---------- DATASET SECTION

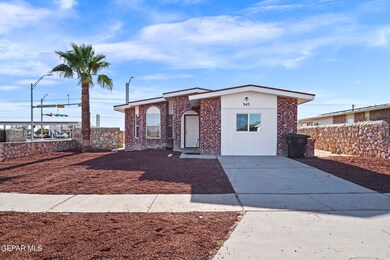 545 Achim Dr, El Paso, TX 79928 - photo 4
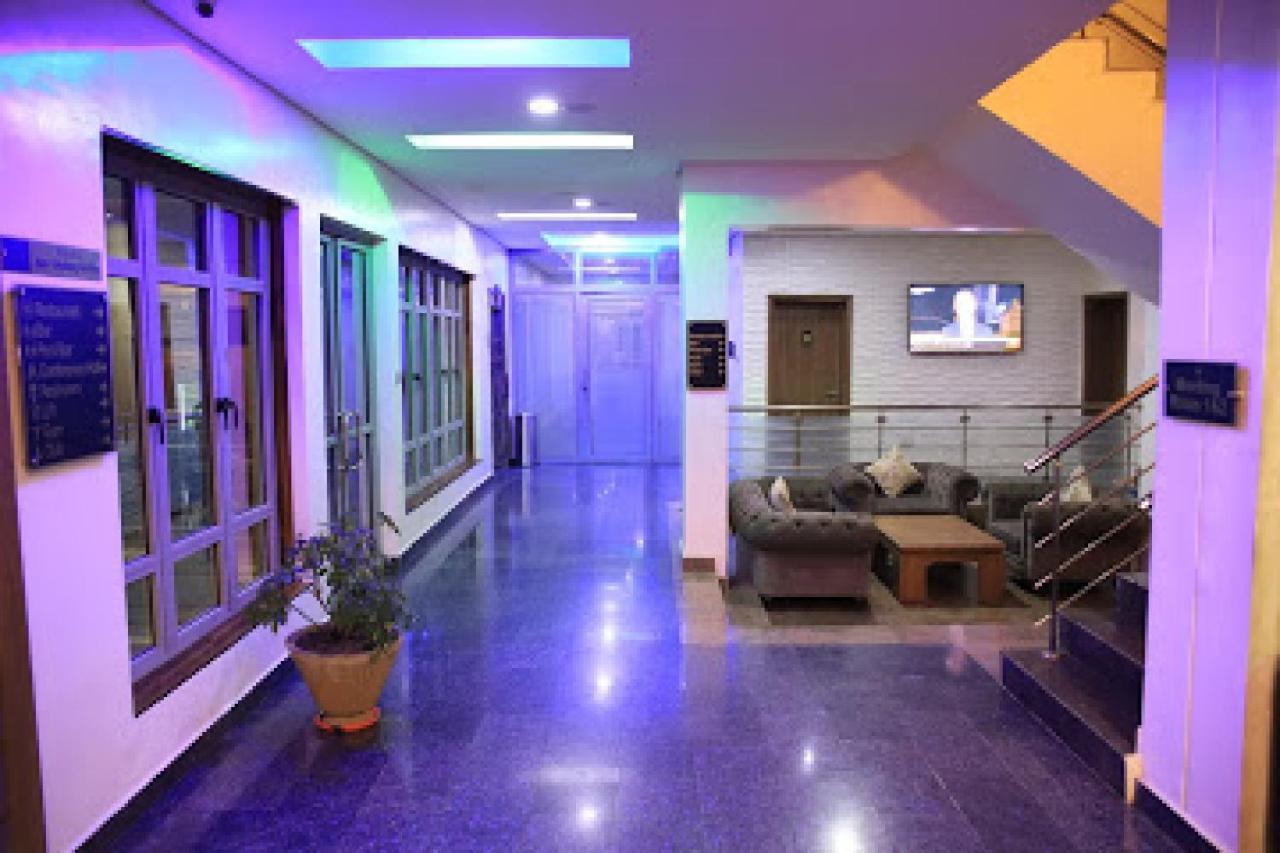 Room In Lodge - Best Western Plus-Ibadan Esterno foto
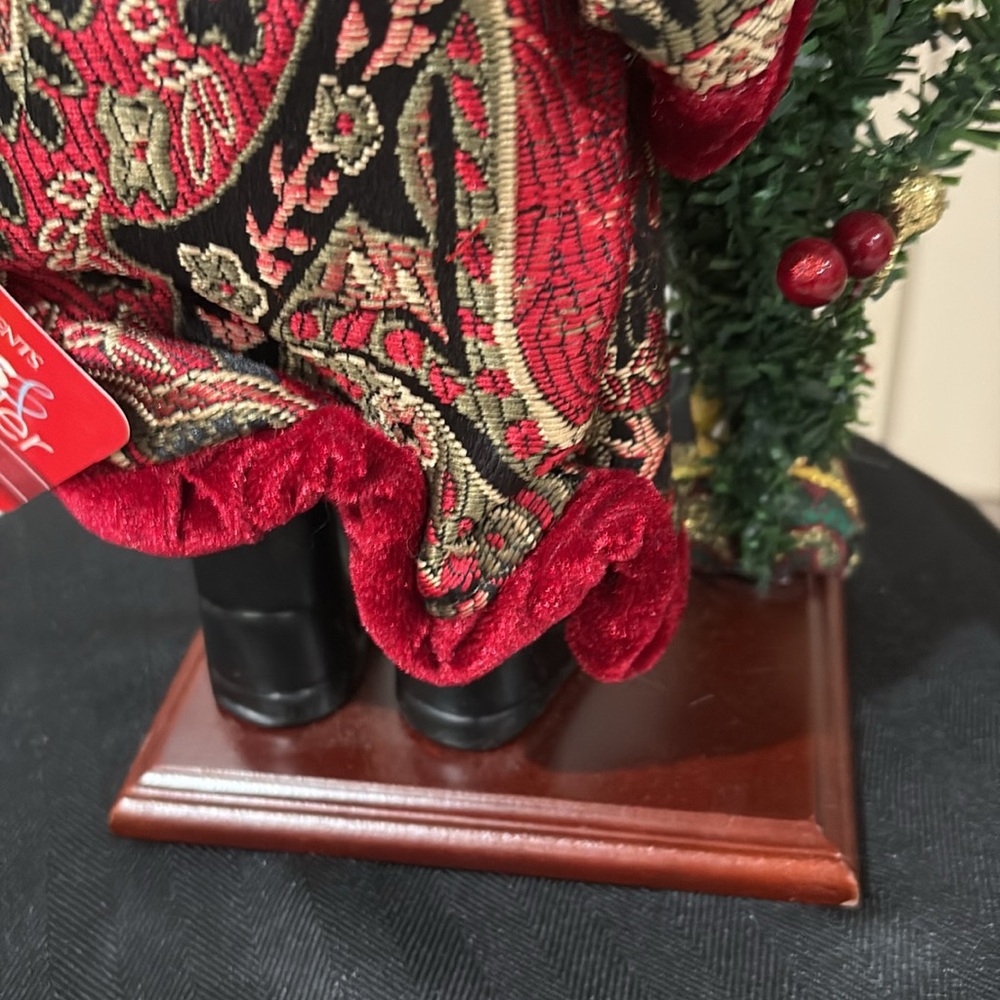 Holiday Decor Santa - Picture 4 of 14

--------------------

HOW TO COMPLETE THIS TASK: Only the pictures in the listing above get left out; print everything else exactly.

EXERCISE OUTPUT:
 545 Achim Dr, El Paso, TX 79928 - photo 4
 Room In Lodge - Best Western Plus-Ibadan Esterno foto
 Holiday Decor Santa - Picture 4 of 14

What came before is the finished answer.